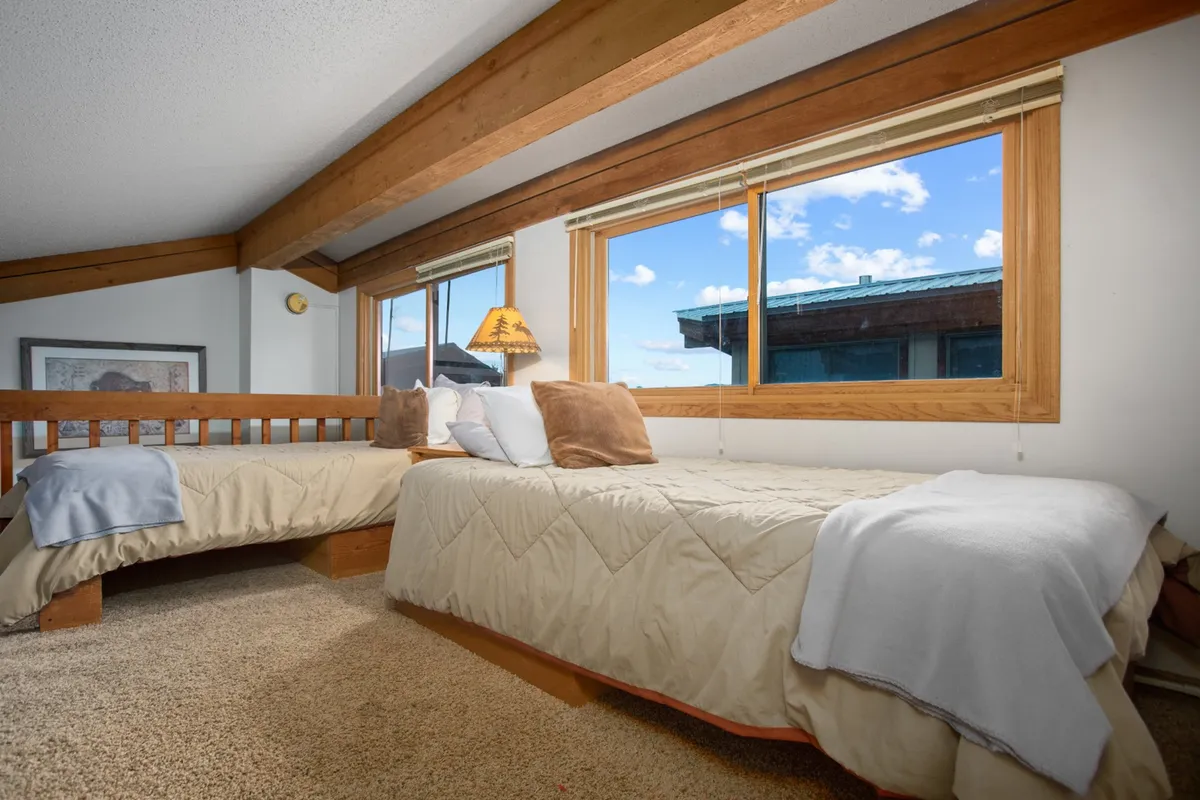 A unique loft area features exposed wooden beams, large windows framing mountain views, and cozy bedding. The space exudes warmth and adventure, hinting at a special hideaway perfect for older kids or adults. The view out the window adds to the magical atmosphere.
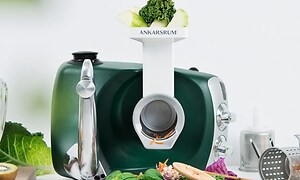 kjøkkenmaskin fra Ankarsrum brukt til å kutte ulike typer grønnsaker og med en brokkoli på toppen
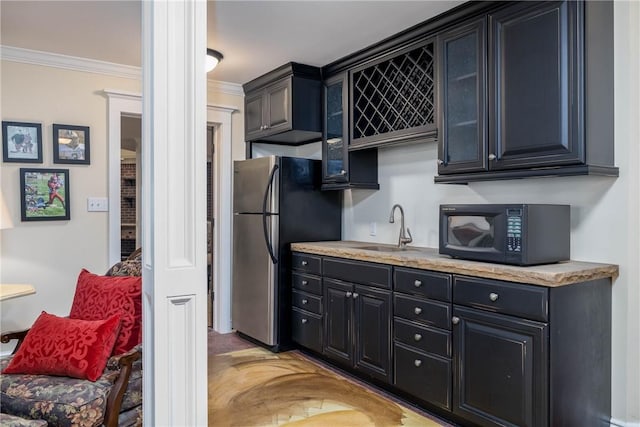 kitchen with ornamental molding, a sink, freestanding refrigerator, black microwave, and light countertops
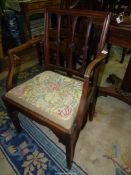 An elegant Georgian Mahogany open armed corner/elbow Chair having stylised floral bosses to the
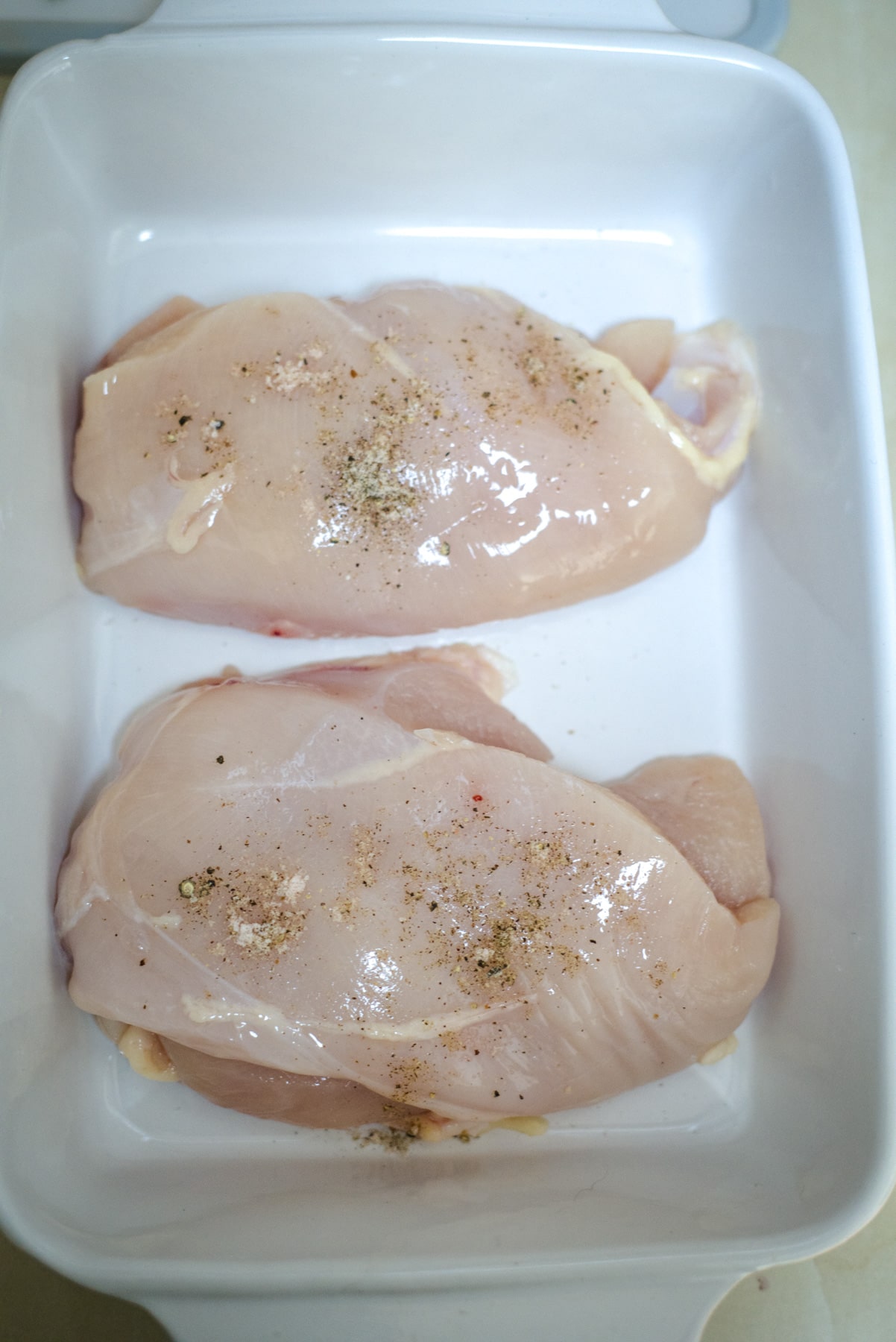 chicken breasts in baking dish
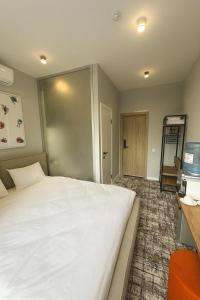 a bedroom with a large white bed and a television at Unit Hotel in Almaty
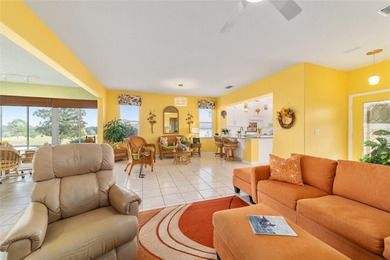 WOW is what you'll say as you step inside this custom Coral on Eagle Ridge At Spruce Creek Country Club in Florida - for sale on GolfHomes.com, golf home, golf lot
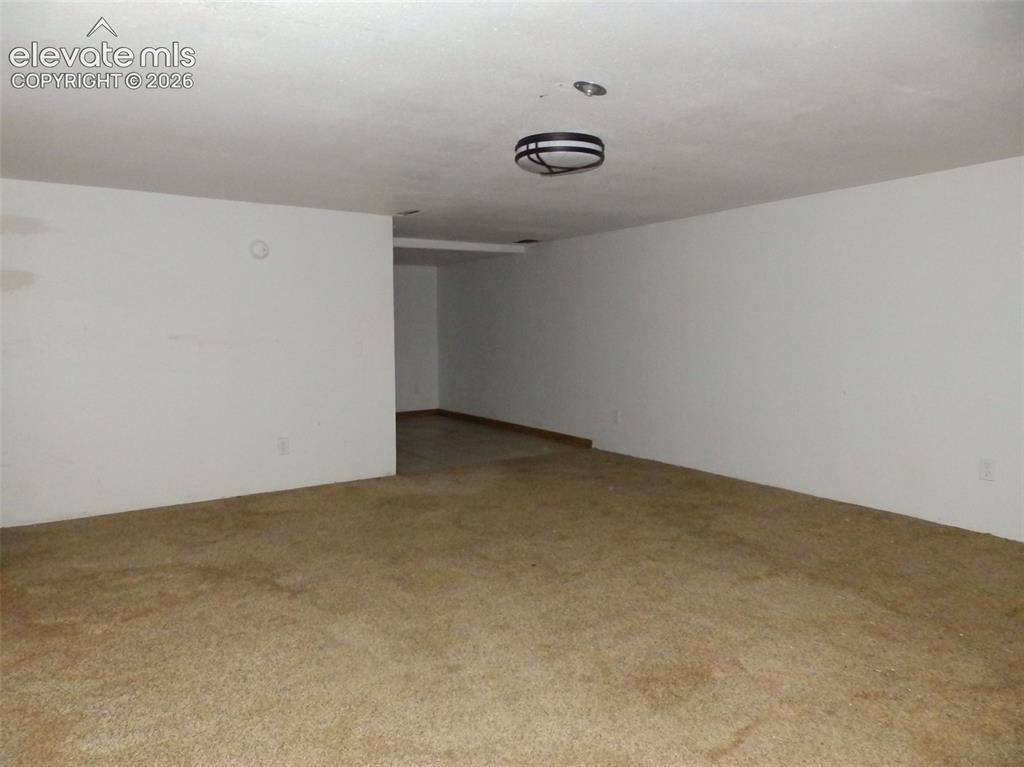 Image 19 of 19: non-conforming bedroom in basement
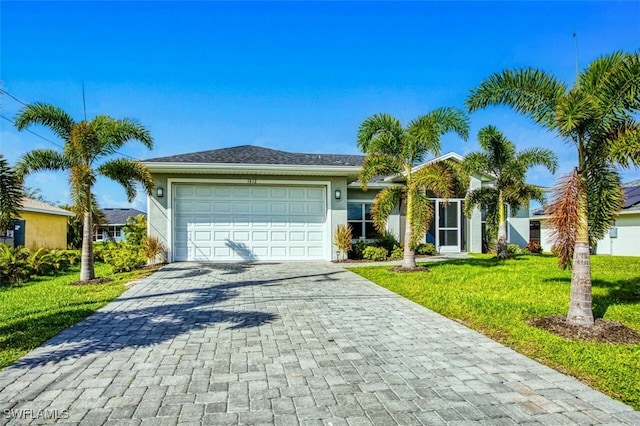 single story home featuring a garage and a front lawn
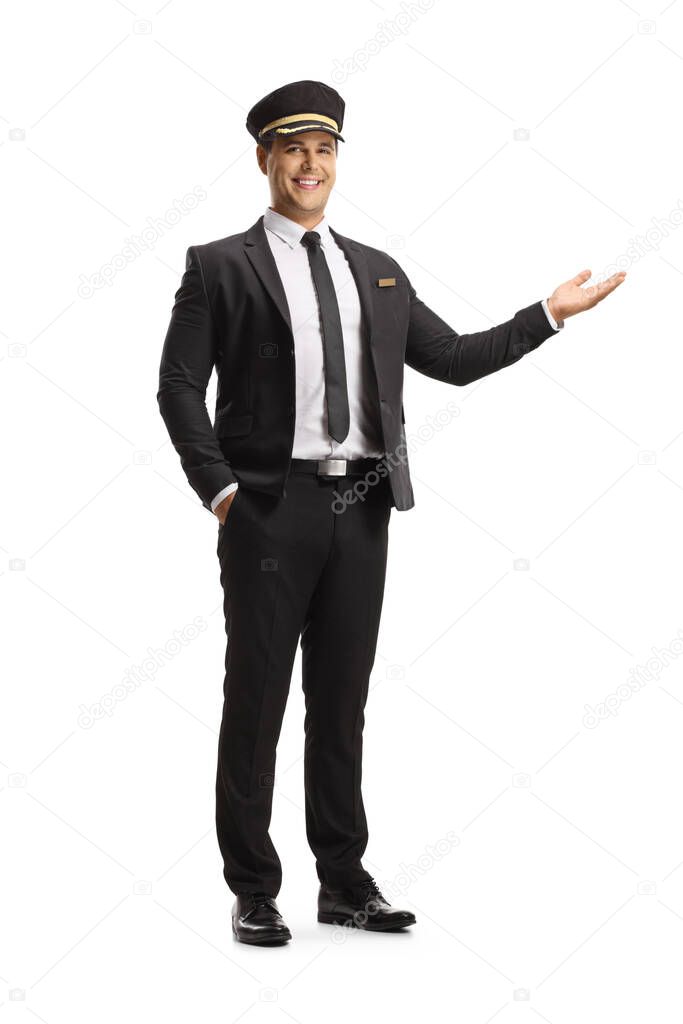 Full length portrait of a smiling chauffeur gesturing with hand isolated on white background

+++++

# THE TASK
Retype every entry exactly, but keep the pictures out of your copy.

# WRITTEN ANSWER
 A unique loft area features exposed wooden beams, large windows framing mountain views, and cozy bedding. The space exudes warmth and adventure, hinting at a special hideaway perfect for older kids or adults. The view out the window adds to the magical atmosphere.
 kjøkkenmaskin fra Ankarsrum brukt til å kutte ulike typer grønnsaker og med en brokkoli på toppen
 kitchen with ornamental molding, a sink, freestanding refrigerator, black microwave, and light countertops
 An elegant Georgian Mahogany open armed corner/elbow Chair having stylised floral bosses to the
 chicken breasts in baking dish
 a bedroom with a large white bed and a television at Unit Hotel in Almaty
 WOW is what you'll say as you step inside this custom Coral on Eagle Ridge At Spruce Creek Country Club in Florida - for sale on GolfHomes.com, golf home, golf lot
 Image 19 of 19: non-conforming bedroom in basement
 single story home featuring a garage and a front lawn
 Full length portrait of a smiling chauffeur gesturing with hand isolated on white background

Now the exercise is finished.